On April 7, 2020, the 7th Circuit affirmed a jury verdict in favor of a plaintiff against her former employer in a national origin discrimination lawsuit under Title VII of the Civil Rights Act of 1964 ("Title VII"). Vega v. Chicago Park District, Nos. 19-1926 & 19-1939 (7th Cir. April 7, 2020). The plaintiff alleged that the defendant discriminated against her because of her national origin, in violation of Title VII. After a seven-day jury trial, the jury returned a verdict in her favor and awarded her compensatory damages in the amount of $750,000. The district court remitted her award to $300,000, which is the statutory maximum under Title VII for compensatory damages. The court also awarded the plaintiff back pay in the amount of $154,707 in lost salary and $1,200 in lost bonuses, plus lost benefits in the amount of $9,255 in substituted health insurance premiums, as well as a tax-component award, and reinstatement of employment. The 7th Circuit affirmed all of the district court's rulings, except its grant of the tax-component award.

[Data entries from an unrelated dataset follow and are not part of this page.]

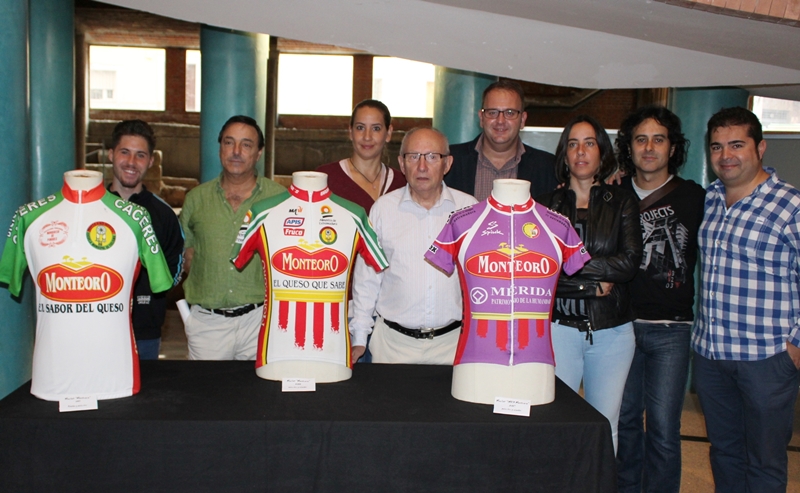 Una exposición  conmemora los 40 años de vida de la Escuela de ciclismo Mérida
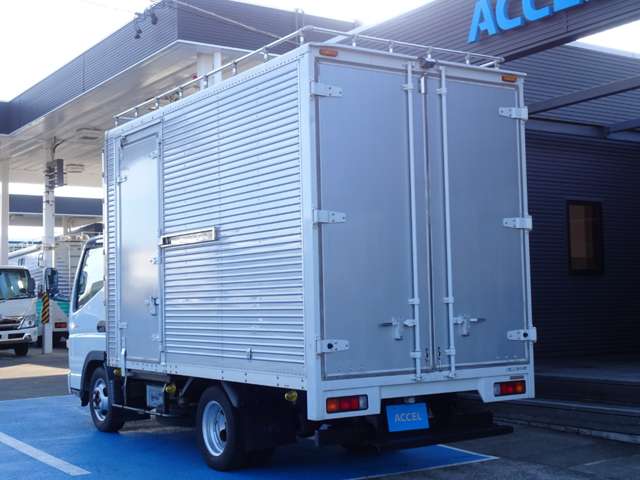 Mitsubishi Fuso Canter Guts 8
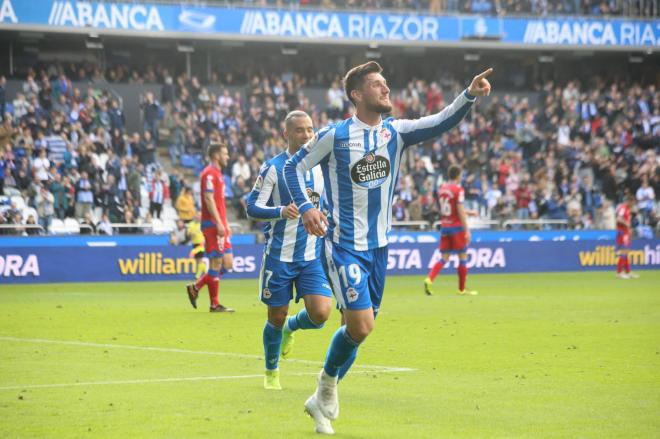 Borja Valle celebra su gol ante el Numancia (Foto: Iris Miquel).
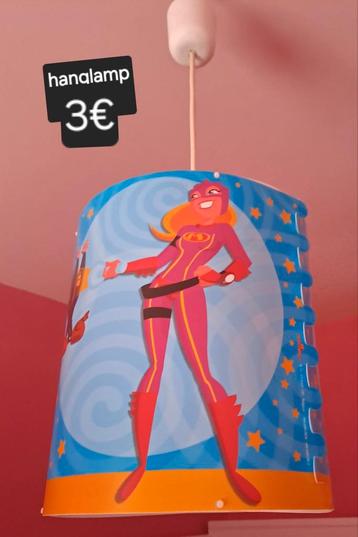 hanglamp Mega Mindy beschikbaar voor biedingen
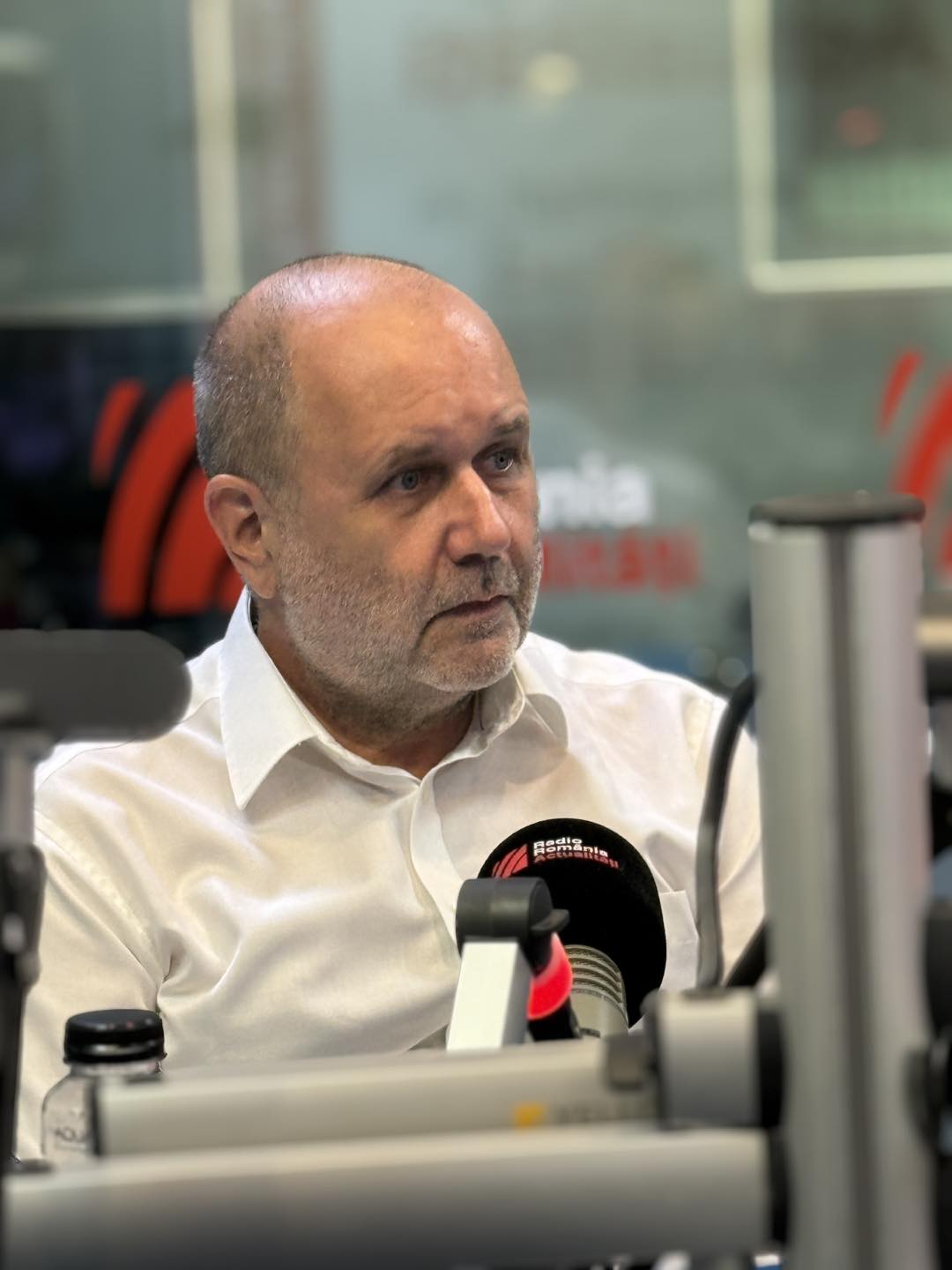 Prof.univ.dr. Radu Jecan, în studioul emisiunii Serviciul de noapte cu Maria Țoghină.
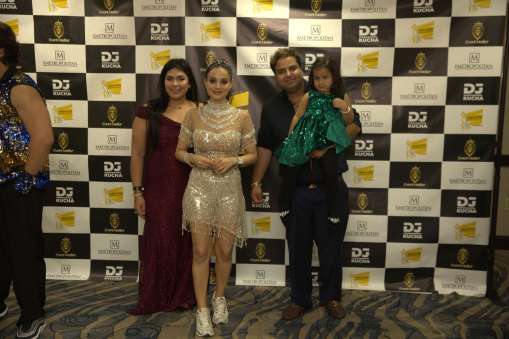 New Year Eve with Ameesha Patel-Live Performance 23-24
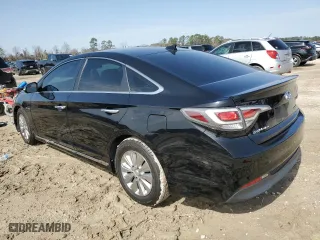 2017 Hyundai Sonata Hybrid SE with VIN KMHE24L14HA060375, listed as a Copart auction lot 45228695 with 138,232 mi miles and Salvage Title. Bid and sale history available at carsss.com. Image 2.
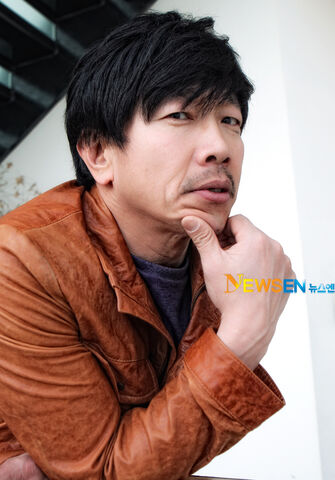 Archivo:Park Chul Min4.jpg
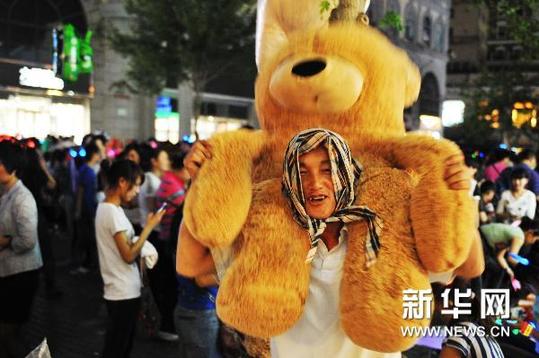 各地喜迎中国传统节日端午节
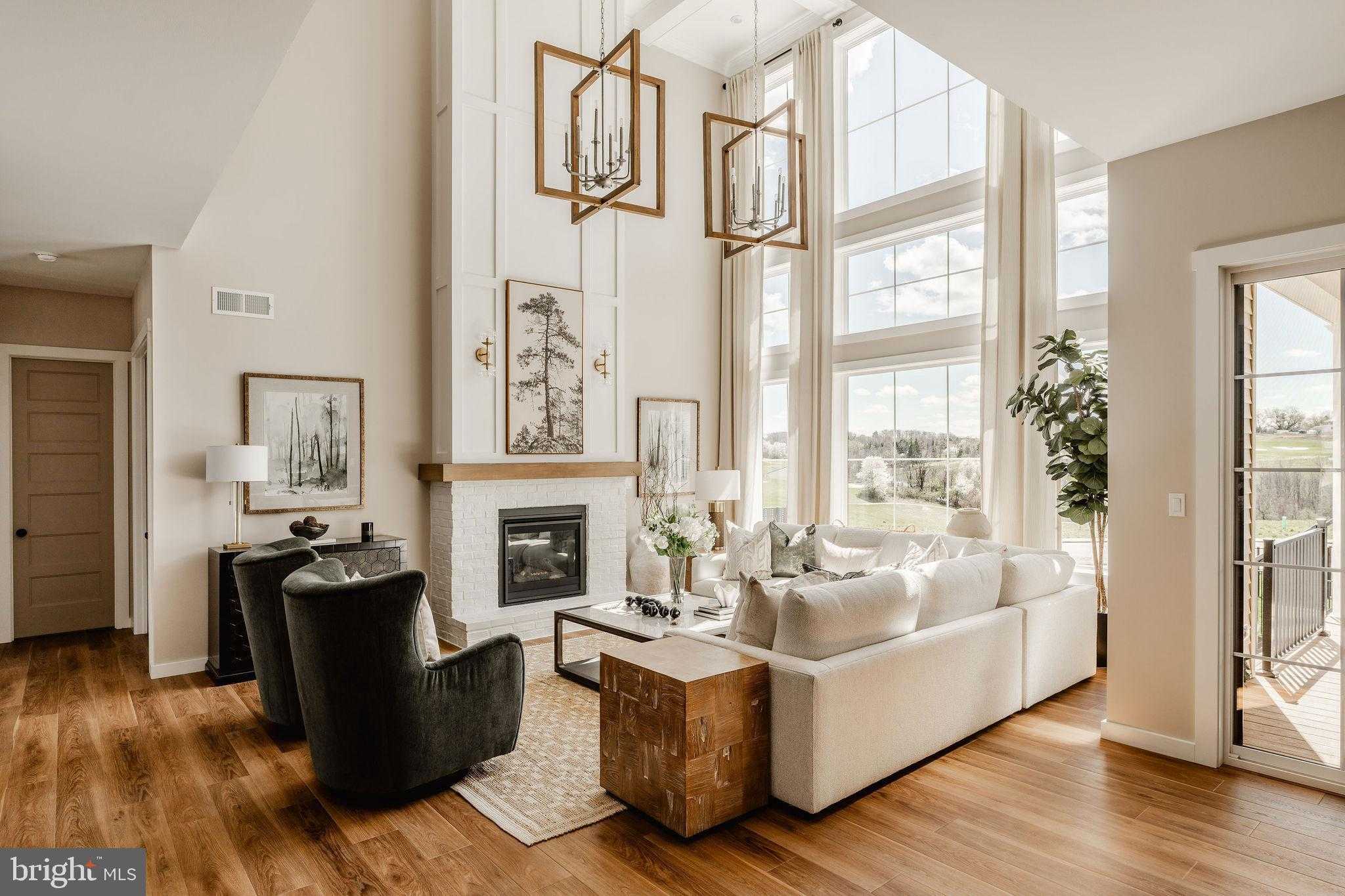 101 Janine Way photo 18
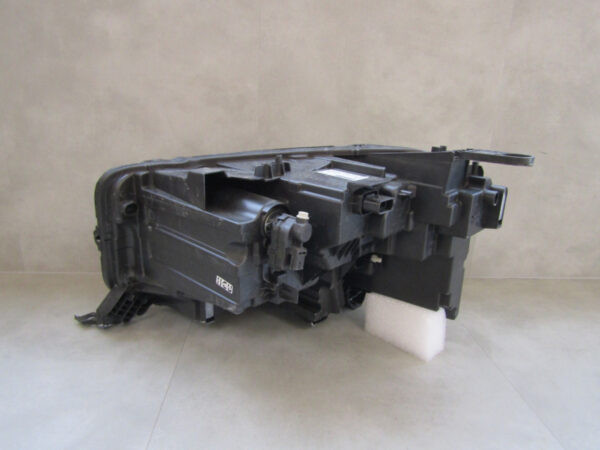 KOPLAMP CITROEN E-C3 C3 IV 4 LED 24- 9851349080 RECHTS S881/K4/3E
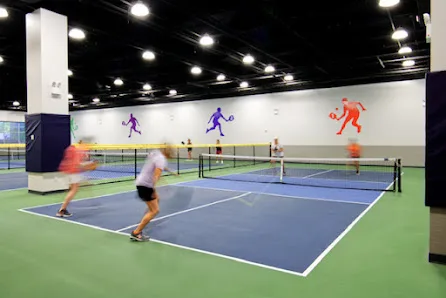 Pickle N Par Club (Melville) photo 2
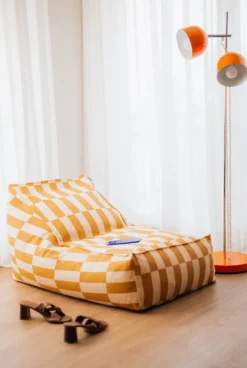 Fauteuil pouf en coton bio à carreaux jaune moutarde 70 x 105 x 57 cm Vibes - Nobodinoz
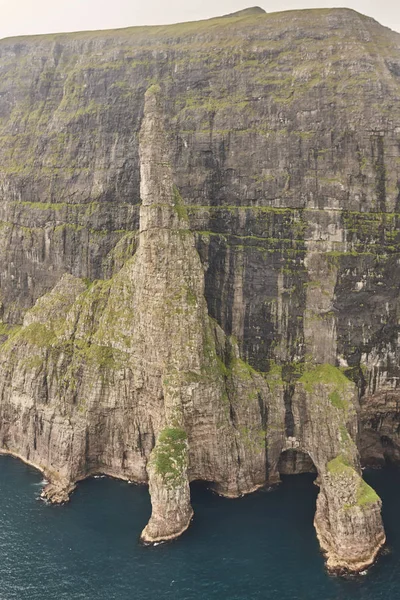 Stoh na Faerských ostrovech, Sandavagur. Trollkonufingur v Vagar ISL — Stock fotografie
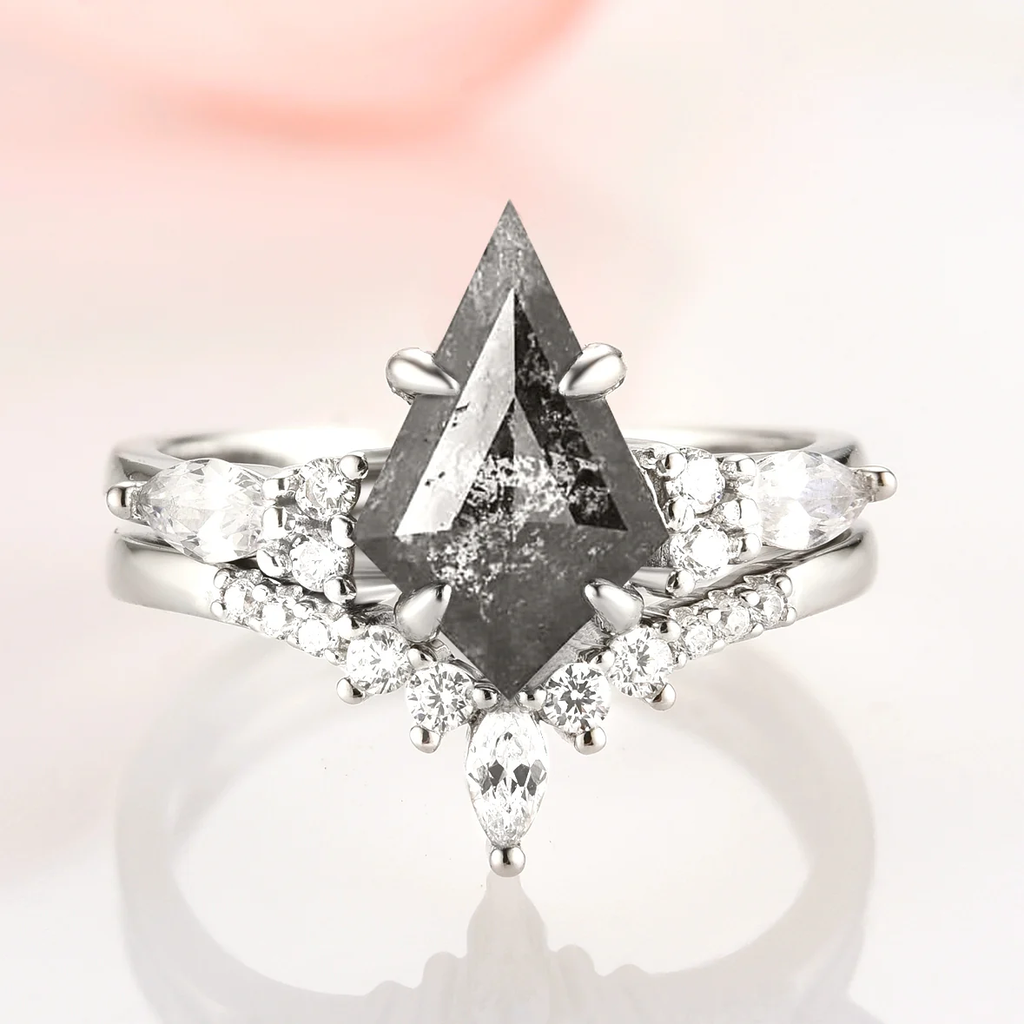 Raw diamond ring with salt-and-pepper effect - Galaxy-inspired engagement set in kite cut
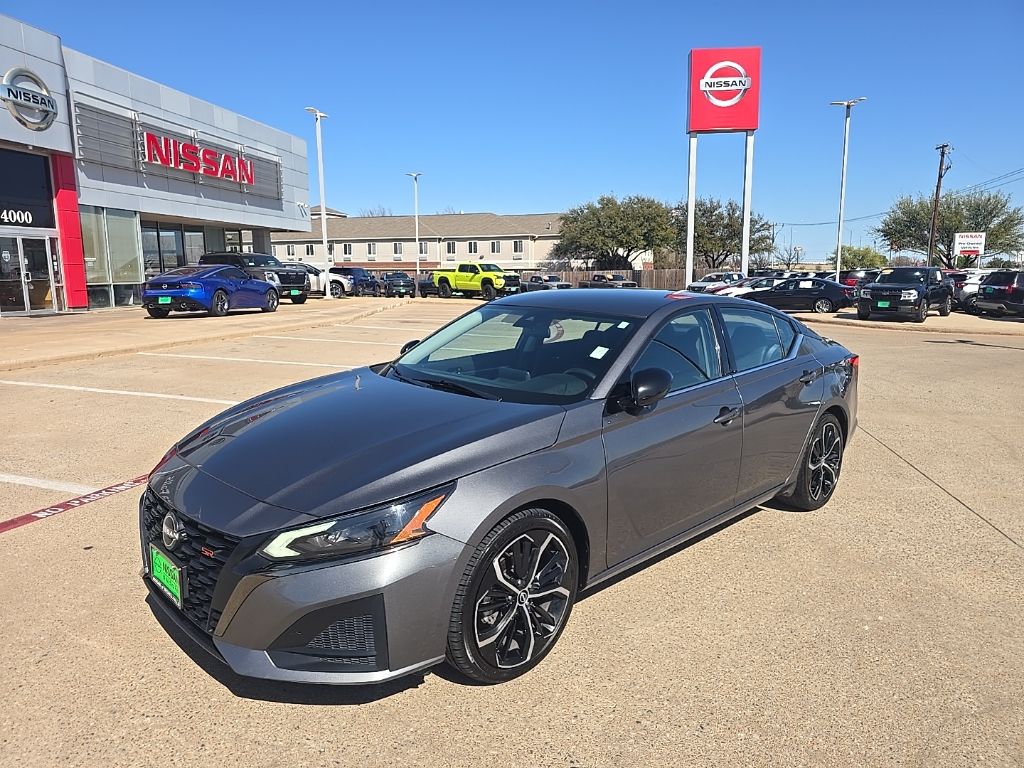 2024 Nissan Altima SR
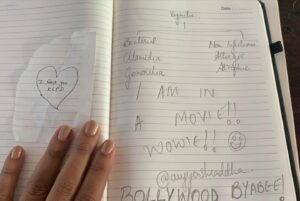 Shraddha Gautam Instagram - 2022, you brought me so much joy!
1. I ran a run in Ladakh and held this kid!
2. I saw myself on the big screen!!
3. I wrote that on day 1, shot 1 of the movie, on the set!
4. I turned to farming this year!!
5. I performed  with my idol & mentor @dariussunawala! 🥹
6. I got back to theatre with The Gentlemen
7. I watched the most amazing sunset in Udaipur!
8. My Bougainvillea survived the year!!!
9. I performed for the most amazing people, so much stand up this year and the last one for the year was for the First Family of Dharmasthala! Whaaaa!!!😇
10. Good Money I made this year 😁
#2022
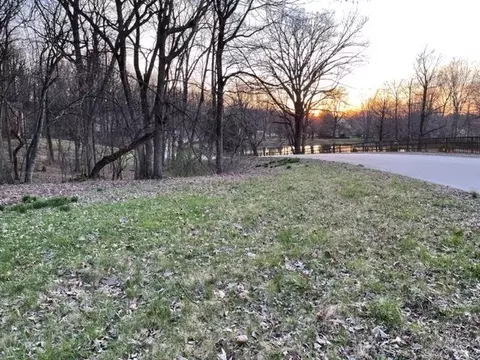 2736 Hillside Dr, Owensboro, KY 42303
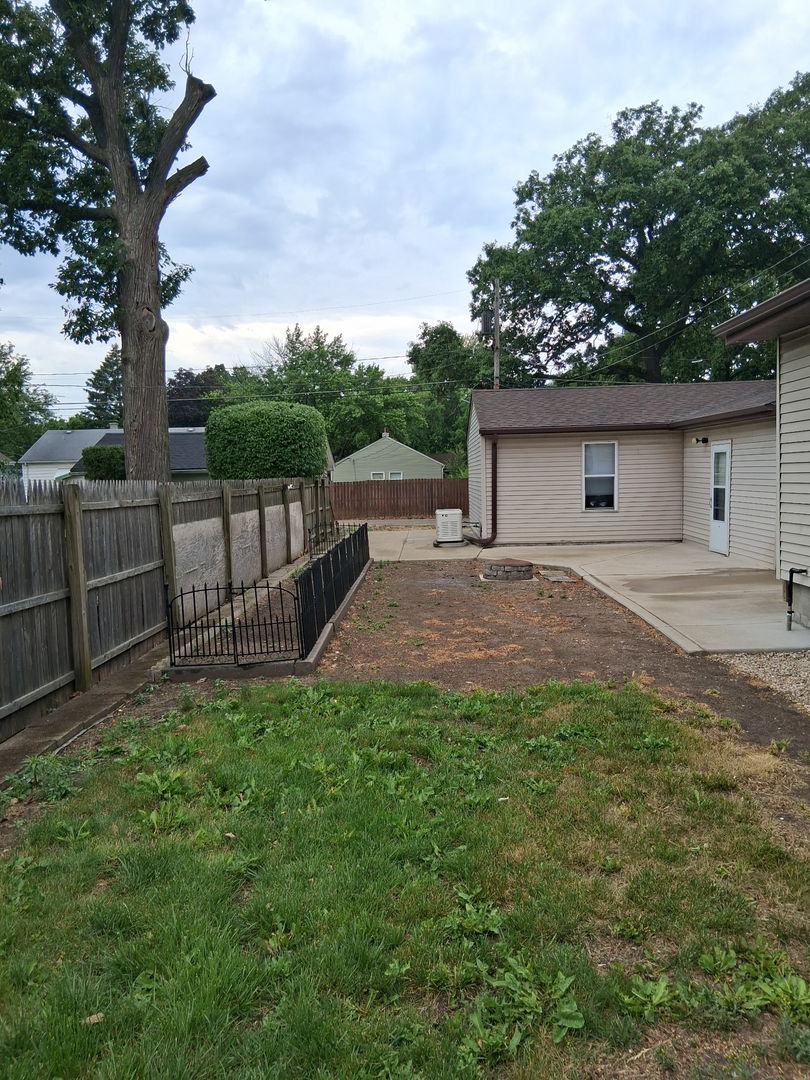 413 S May Street, Joliet, IL 60436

On March 27, 2020, the Illinois Appellate Court, First District, affirmed the findings and decision of the Illinois Human Rights Commission ("Commission") against a former employee on her claims of age and disability discrimination under the Illinois Human Rights Act ("IHRA"). Burns v. Bombela-Tobias, 2020 IL App (1st) 182309. Although the appellate court concluded that the record as a whole supported the Commission's findings, it also criticized the Commission's legal analysis, and stated Illinois employment law with respect to age and disability discrimination claims under the IHRA.